Moralitas seksual sangat memengaruhi kemanusiaan kita hari ini, termasuk membentuk bagaimana kita berpikir, bersikap, berperilaku, berpakaian, berhubungan, dan bermasyarakat.  Saat banyak orang percaya itu satu-satunya cara memahami, panduan-panduan itu menjadi ideologi. Secara garis besar, ideologi dunia hari ini adalah patriarkhi yang percaya bahwa seksualitas perempuan lebih rendah dibandingkan seksualitas laki-laki. Inilah yang memunculkan banyak diskriminasi gender atau ketidakadilan karena seksualitas seseorang.

Patriarkhi menanamkan nilai-nilai yang dianggapnya benar lewat pendisiplinan dalam sistem sosial terkecil, yakni keluarga. Contoh, saya lahir dan tumbuh menjadi laki-laki. Keluarga dan orang-orang terdekat mendorong saya untuk memiliki sifat-sifat dan karakter yang mereka pahami sebagai apa itu lelaki. Saya pun akhirnya selalu ingin menjadi seseorang seperti anggapan-anggapan orang bagaimana seharusnya menjadi laki-laki.
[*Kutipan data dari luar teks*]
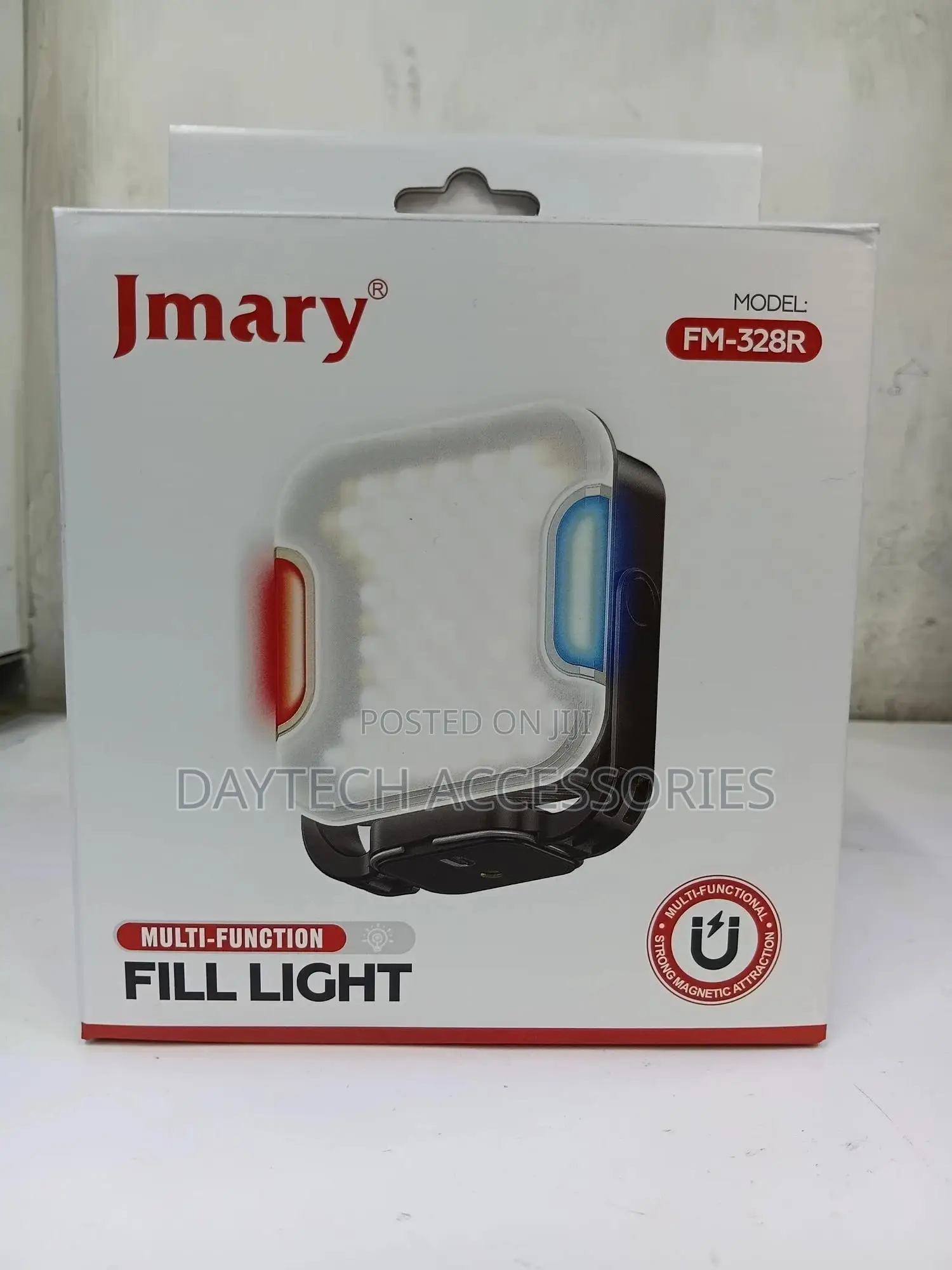 Jmary Fm-328r Led Fill Video Light for Photographers.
Nah, saat berbicara kemanusiaan, anggapan-anggapan itu, mau tidak mau, harus kita analisa kembali. Proses penguraian akan membuka pemahaman kita tentang kemungkinan keberbedaan dan pintu gerbang untuk membuka diri terhadap seksualitas orang lain yang berbeda-beda. Tidak ada kemanusiaan tanpa upaya untuk memahami yang berbeda.
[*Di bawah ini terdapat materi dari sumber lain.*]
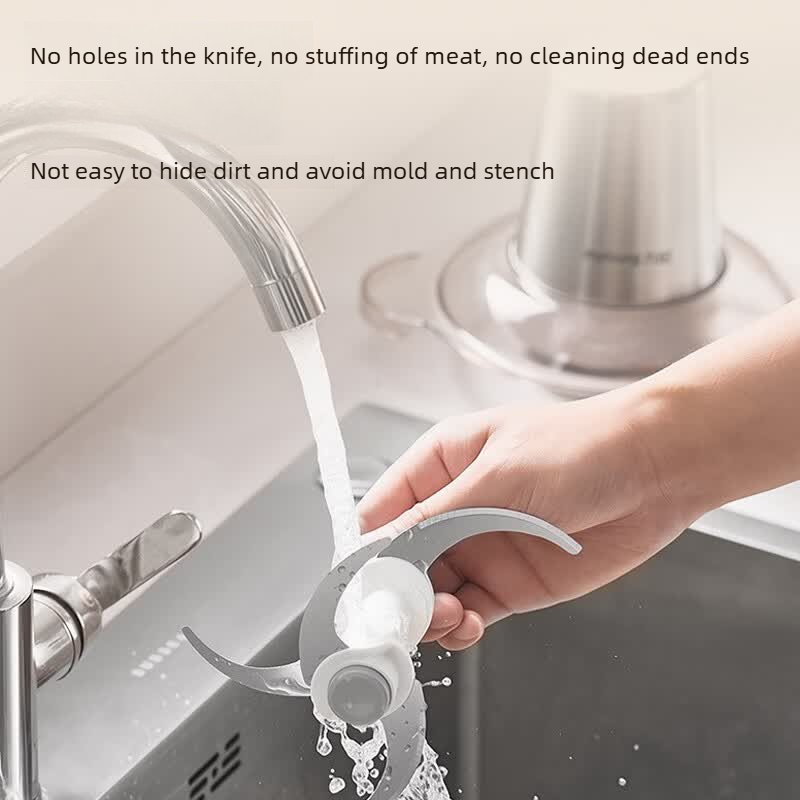 Unisex Electric Meat Grinder 3 - огляд і ціна Veggie Baby Food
Proses penguraian itu, baik jika berangkat dari diri. Diri yang seksual harus benar-benar disadari keberadaannya. Saat pemahaman tentang diri telah rampung, pemahaman terhadap “yang liyan” menjadi mungkin. Ideologi-ideologi seksual yang mengerangkeng “yang liyan” itu telah lama membelenggu diri kencang-kencang. Bahkan lebih kencang dibandingkan ideologi-ideologi lainnya.

Melepas ikatan-ikatan itu akan berujung pada pelebaran cara pandang. Sebagai orang beragama saya sendiri merasakan bahwa ungkapan “man ‘arofa nafsahu fa qod arofa robbahu” benar adanya. Siapa yang mengenal dirinya maka dia mengenal Tuhannya. Katanya, untuk mengenal Tuhan, seseorang harus mengenal dirinya sendiri dulu. Tapi untuk mengenal diri, seseorang tidak akan bisa dengan hanya bercermin atau melakukan psikotes. Pengenalan diri berhasil saat seseorang mampu menggunakan nalar empatiknya atas rasa-rasa orang lain.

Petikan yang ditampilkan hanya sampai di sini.